→ **Try it**: Reproduce all of the data below without alteration; exclude every picture.

→ **Information shown**:

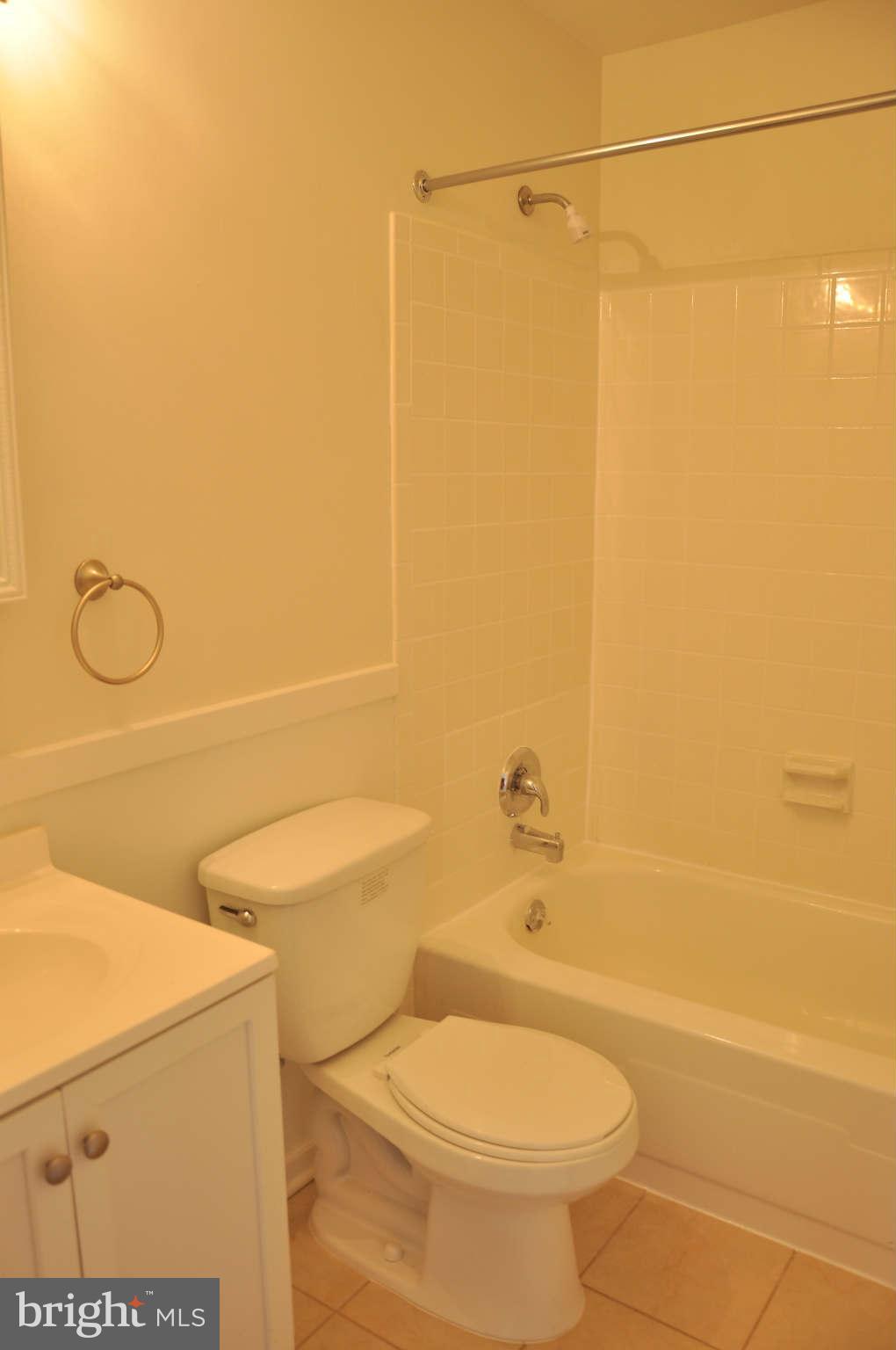 713 North York Road Sterling, VA 20164 - Photo 23 of 23 Bath (Master)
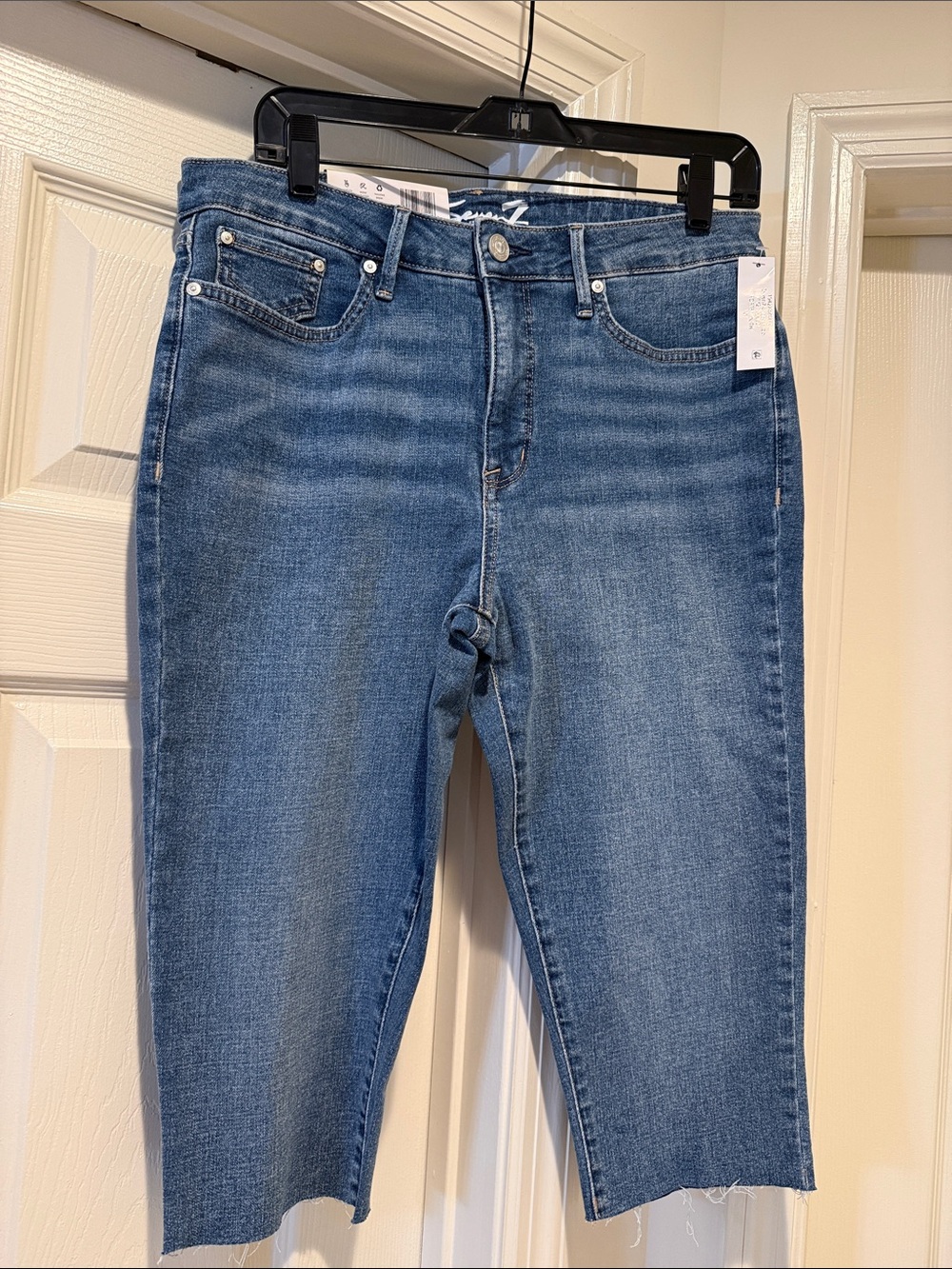 NWT Seven7 Breezy Crop High Rise Skimmer Autumn Jean 10 Beachy Bermuda Slimming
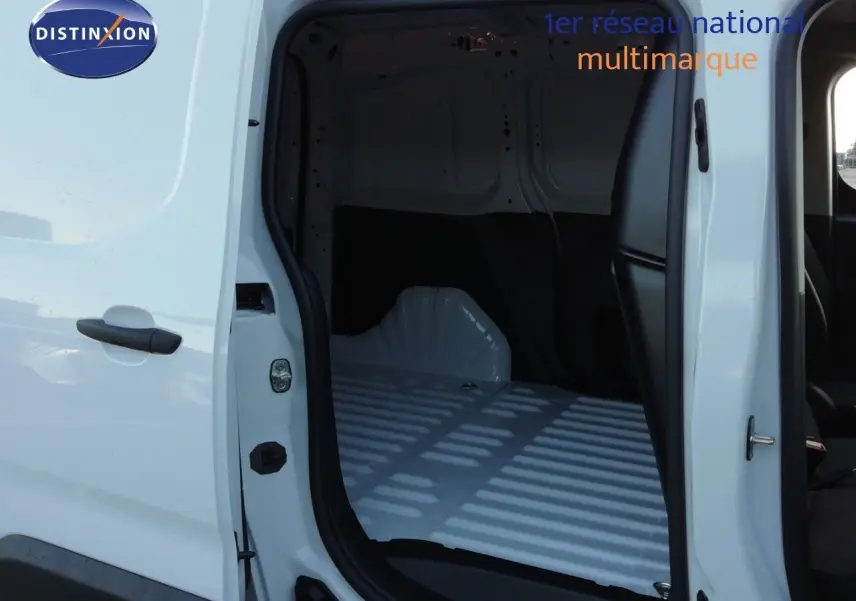 Vue latérale gauche du Peugeot Partner blanc Kaolin 2026 avec porte coulissante ouverte montrant l’espace de chargement vide.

→ **Exercise result**:
 713 North York Road Sterling, VA 20164 - Photo 23 of 23 Bath (Master)
 NWT Seven7 Breezy Crop High Rise Skimmer Autumn Jean 10 Beachy Bermuda Slimming
 Vue latérale gauche du Peugeot Partner blanc Kaolin 2026 avec porte coulissante ouverte montrant l’espace de chargement vide.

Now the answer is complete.